Too many European men die young from preventable causes – WHO report reveals

Copenhagen, Rome, 17 September 2018

The first ever WHO report on men’s health and well-being in the 53 countries of the WHO European Region reveals men are living healthier and longer lives than ever before. But despite progress, many of them die far too young from preventable causes, and the reasons behind this go beyond biology.

The new findings are prompting calls to use a gender approach to get men’s health on the agenda of health policy-makers in the European Region. The report “The health and well-being of men in the WHO European Region: better health through a gender approach” will be officially launched to delegates at the WHO’s decision-making body for the European Region, which starts its session in Rome today. The 53 Member States are expected to adopt a new regional strategy to address men’s health challenges.

“The European Region is setting an example through an impressive reduction of premature mortality from noncommunicable diseases (NCDs). However, too many men are still not reached by health services and die young from these diseases, as well as injuries. The new report helps us to understand their specific needs and how we can provide gender-appropriate interventions for men that will also help us to meet the Sustainable Development Goal on gender equality,” says Dr Zsuzsanna Jakab, WHO Regional Director for Europe.

Alarming but preventable differences in mortality between men across the Region

The report highlights the wide gap in men’s health across the Region, with average male life expectancy at birth ranging from 64 to 81 years – a 17 year difference among countries. In particular, the report reveals:

  • About 86% of all men’s deaths can be attributable to NCDs, and injuries which hit men at a younger age.
  • In the eastern part of the Region, 37% of NCD-related deaths occur before the age of 60, compared to just 13% in western Europe.
  • The main causes of death for men aged 30–59 are cardiovascular diseases, cancers, diabetes and respiratory illnesses.
  • In some countries in the eastern part of the Region, men’s risk of dying prematurely from cardiovascular diseases is seven times greater than in the western part.
  • About three-quarters of men who died in road traffic were under the age of 25.

What lies behind men’s risk taking and health-seeking behaviour?

Men’s higher exposures to risk factors have been observed for so long that they are almost considered biologically determined, but differences between men across the Region show that they are not. Gender norms and societal expectations influence men’s higher rates of smoking, alcohol consumption and injuries and their higher engagement in interpersonal violence compared to women. Their health also deteriorates because of unhealthy diets, which also differ between countries in the Region. For example, the risk of high level consumption of sodium is higher in central Asia, while the leading risk in western Europe is diets low in fresh fruit and vegetables. The latest data show that:

  • Smoking was responsible for 1 million men’s deaths in 2016 in the European Region and ranks as the leading health risk factor among men in western and central Europe.
  • Alcohol and drug use are the leading risk factors in eastern Europe, and cause 24% of men’s years lost.
  • In central Asia, the main health risk factor is unhealthy diet, to which 17% of men’s years lost can be attributed.

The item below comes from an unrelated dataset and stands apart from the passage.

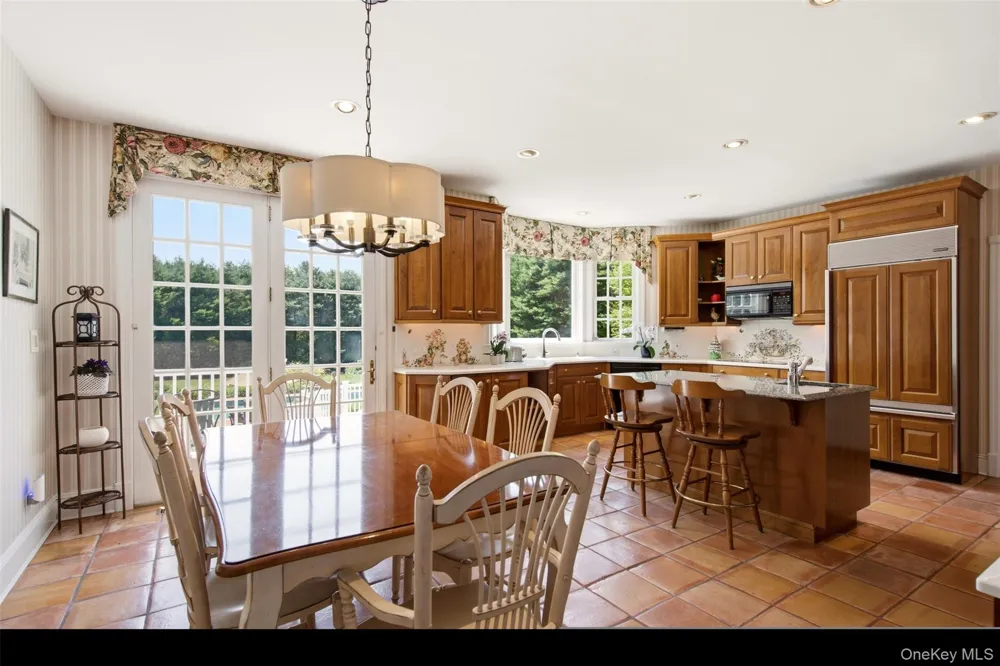 61 Linden Lane Upper Brookville, NY 11545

Moreover, men are often less likely to consult general practitioners than women. For example, men facing serious emotional problems and symptoms of depression often remain undiagnosed because they do not take these medical conditions seriously and are not as used to reaching out for help. Failure to recognize mental health problems contributes to increasing suicide rates, which are five times higher for men aged 30–49, than for women the same age.

Gender equality as a benefit for men’s health

The report reveals that wealth, education, employment, social exclusion and discrimination, retirement and living arrangements are among the key factors that influence men’s health and well-being. Living in a country with gender equality benefits men’s health and shows up as lower mortality rates, higher well-being, half the risk of being depressed, higher likelihood to have protected sex, lower suicide rates and a 40% reduced risk of a violent death.

The report emphasizes that improving the health and well-being of men is best addressed within a gender equality framework. Engaging men and facilitating their participation in paid and unpaid care, prevention of violence against women and shared responsibility for reproductive health are key interventions to achieve global goals on gender equality and to accelerate progress in reaching health goals.

Public health response

Health policy-makers attending the session of the WHO Regional Committee for Europe in Rome will be invited to discuss the new Strategy on the health and well-being of men in the WHO European Region, which has been developed in consultation with countries, experts, partner organizations and civil society.

The Strategy puts forward a raft of measures that can help governments tackle gender imbalances, maximize violence prevention efforts and foster men’s involvement in reproductive health, etc. It aims at making health systems gender responsive and ensuring a model of care that makes health services more accessible for boys and men. Understanding men’s health needs, reaching out to men and improving health promotion among them are also part of the plan.